The Twitter API offers multiple access levels to enable users to expand their usage on the platform. New users can quickly sign up for free and basic access. However, for the purposes of this study, this was insufficient due to the large dataset and constraints on free accounts. Therefore, an application was submitted for academic research access, which enabled the querying of 10 million tweets per month. It is important to note that we care about privacy principles as human rights, so we do not keep personal data, anonymize the accounts, by randomizing the IDs, and do not keep the account names in our dataset.
4.2. Data Preprocessing Module
This module is designed to convert the data collected during the tweet-gathering process into a format that other modules can process. In this module, each obtained tweet is browsed individually, and the relevant information outlined in
Figure 2 is accessed to create a file with comma-separated values (CSV) format.
While most of the column names in the CSV file are self-explanatory, it is helpful to clarify the header values that will be used to construct the network. A mention is a type of tweet that includes the Twitter username of another account preceded by the “@” symbol. When a user responds to someone else’s tweet, it is called a reply. A Retweet, on the other hand, is a re-posted tweet. The Retweet function on Twitter enables users to quickly share a tweet with all of their followers. This feature can be used to retweet one’s own tweets or those of other users.
4.3. Data Annotation Module
This module takes the output of the preprocessing module and applies automatic labeling to the resulting dataset. The processed tweets are stored in a separate CSV file, which contains the tweet ID, tweet text, and a flag indicating whether the data are considered as reliable or unreliable.
The utilization of “Iffy.news” [
47] in the context of automatic labeling for Twitter content represents a proactive and pivotal approach in the ongoing battle against the dissemination of misinformation. By categorizing tweets that contain links to, or textual references from, unreliable sources, this platform contributes to the ever-evolving landscape of digital information verification. The labeling of such tweets as misinformation serves as a crucial step in curtailing the spread of false or misleading content, safeguarding the integrity of online discourse, and fostering a more informed and critical digital society. In addition, we used the list of untrusted sources provided in [
48] to label records from untrusted sources. We want to note that we do not claim that our labeling is completely correct, we can only assume as we get this data from external sources as described in this subsection.
4.4. Network Creation Module
This module is designed to model the dataset as a network graph so that we can conduct network analysis on the resulting graph. The network consists of nodes (or vertices) and links (or edges). To construct this social network, retweets, mentions, and replies are utilized. Accounts are represented as nodes, and (multiple) interactions are represented as edges.
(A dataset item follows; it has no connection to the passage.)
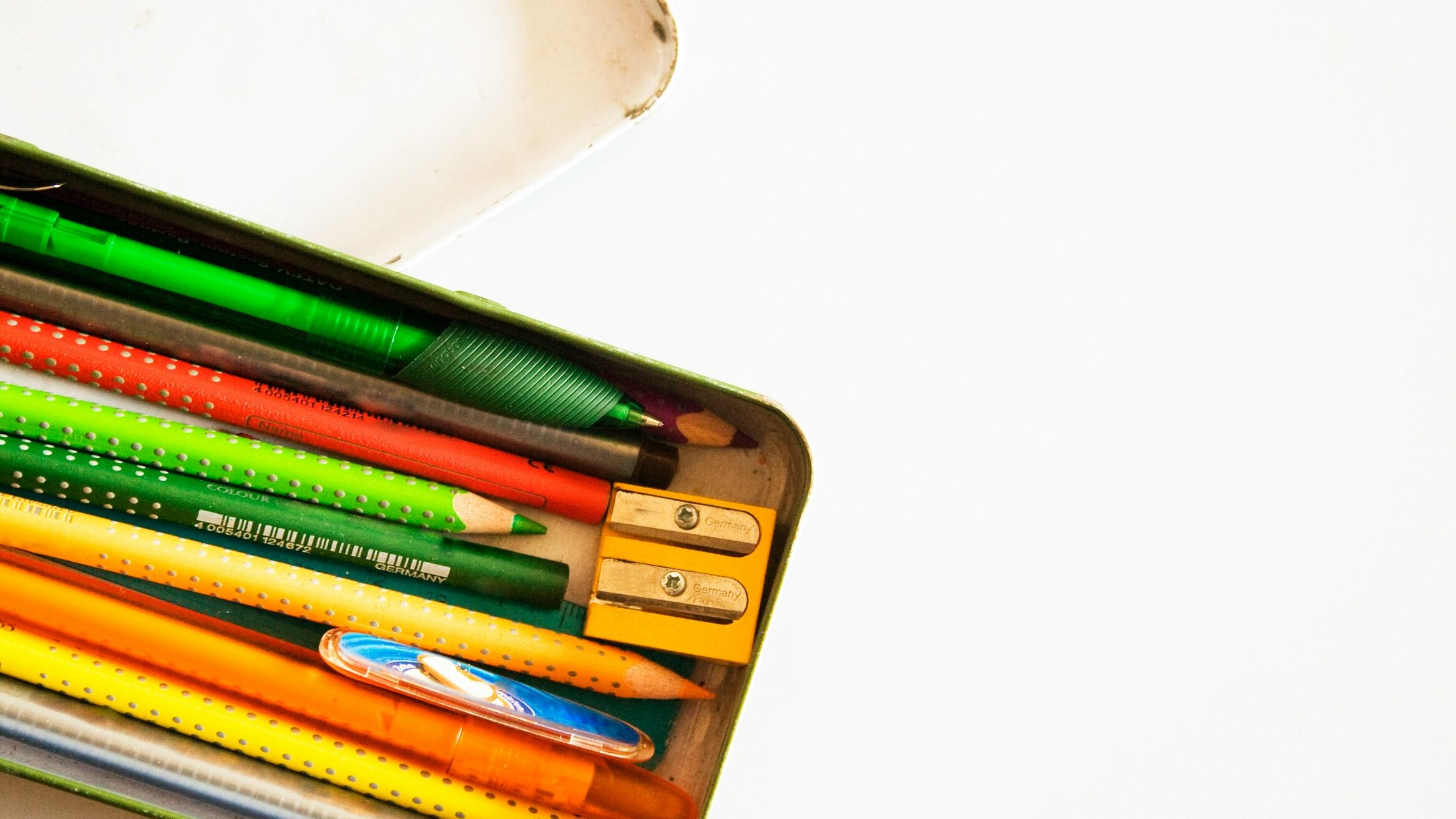 Per un astuccio si spendono anche 40 euro. I libri in 4 anni aumentati del 20 per cento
4.5. Centrality Calculator Module
This module takes the output of the preprocessing module as its input and outputs network centrality metric values. Network centrality metrics are well-known SNA metrics that assess the importance and infliuence of an individual or group in a network from multiple perspectives, and can help analyse information flow, and emergent network patterns [
49]. Four methods for measuring network centrality are well known: degree centrality, closeness centrality, betweenness centrality, and eigenvector centrality. We work with the degree, in-degree, out-degree, closeness and betweenness centralities. Depending on the specific metric applied, centrality indicates that a node is directly connected to most other nodes, indirectly connected to many others, or serves as a crucial mediator among multiple other nodes, e.g., a bridge.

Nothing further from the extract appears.